J’avais, comme beaucoup, découvert Jan-Ole Gerster en 2013 avec son excellent Oh Boy ! C’est donc avec plaisir que je voulais le retrouver dans les 98 minutes d’un drame tendu qui nous parle de frustration et des difficiles relations mère/fils. Comme tous les autres matins, Lara débute sa journée par une cigarette et une tasse de thé. Aujourd’hui est un jour important : elle a 60 ans et c’est le premier concert de piano donné par son fils Viktor. Elle le soutient depuis ses débuts et se considère comme déterminante dans son succès. Mais Viktor est injoignable depuis des semaines et Lara semble ne pas être conviée à l’événement, contrairement à son ex mari et sa nouvelle compagne.

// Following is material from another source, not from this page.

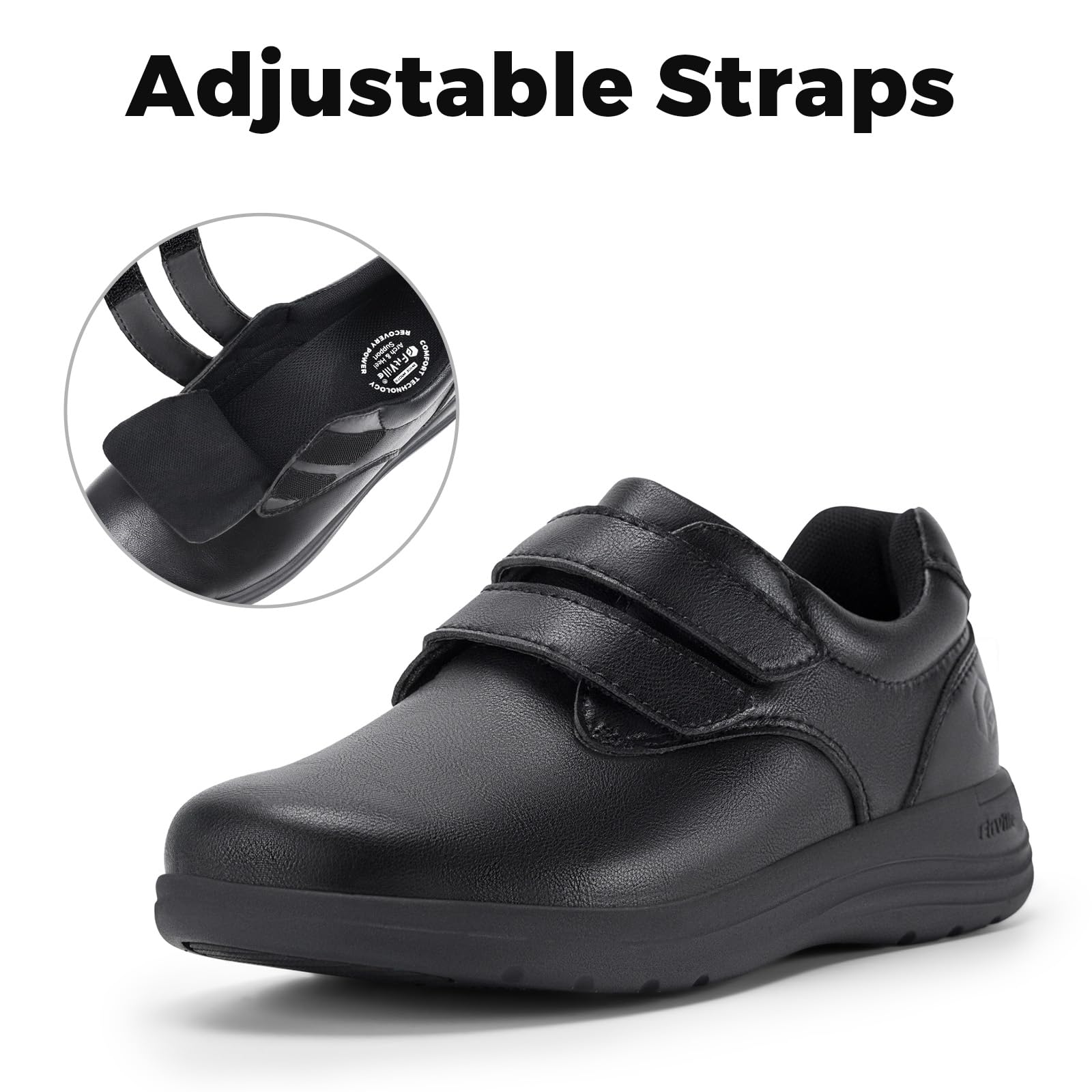 FitVille Scarpe Diabetici Donna Pelle Pianta Larga Scarpe Ortopediche Strappo Scarpe Comode da Passeggio pour Piedi Sensibili Piedi Gonfi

La journée va alors prendre un tour inattendu. Très beau portrait de femme, incapable de donner de l’amour et qui, après avoir été « démolie » à l’adolescence, démolit à son tour, dans une spirale mortifère, tous ceux qui l’approchent. Glaçant et bouleversant.

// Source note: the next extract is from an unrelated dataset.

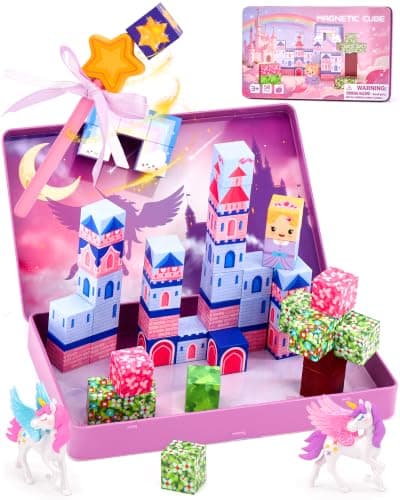 hahaland Unicorn Mini Magnetic Blocks, Travel Magnetic Tiles Toy Girls 3-5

Lara ne s’aime pas et n’est guère appréciée des autres, elle est froide, cassante, péremptoire … et, de toute évidence cache un secret, celui qui a bouleversé son existence. Le film prend tout son temps pour nous donner la solution qui donne lieu à une dernière scène spectaculaire, débordante d’émotion. C’est un film à combustion lente, excellemment écrit et dirigé. Certes, ce drame est pesant. Oser un film sur la frustration, – celle de la femme qui est passée à côté de sa vie et de ses rêves, celle du fils incapable de satisfaire sa mère -, est évidemment une gageure. Pour le jour de ses 60 ans, elle remonte les rues de sa ville, en même temps que son passé. Et tout s’éclaire peu à peu sur son passage, ces gens qu’elle n’aime pas ou qui lui échappent, ses contrariétés du moment ou de toujours, un cheminement complexe, jalonné de doutes et d’incertitudes pour elle – comme pour le spectateur -. Le malaise est total, mais le plaisir du cinéphile est au rendez-vous.  

Corinna Harfouch, star en Allemagne quasiment inconnue de ce côté-ci du Rhin faute d’avoir tourné hors de son pays, est une actrice +++ à découvrir de toute urgence. Tom Schilling,- déjà 1er rôle dans Oh Boy !, lui donne une réplique parfaite tout comme André Jung et Volkmar Kleinert. C’est de la tragédie classique qui obéit à la règle des 3 unités et qui parvient à tenir en haleine malgré son caractère plus que plombant et dont le scénario va crescendo… la moindre des choses dans un film sur la musique. Une fable touchante et monstrueuse sur une passion vécue par procuration. Gerster fait penser à Haneke, et Corinna Harfouch à Isabelle Huppert à son sommet. Des compliments largement mérités.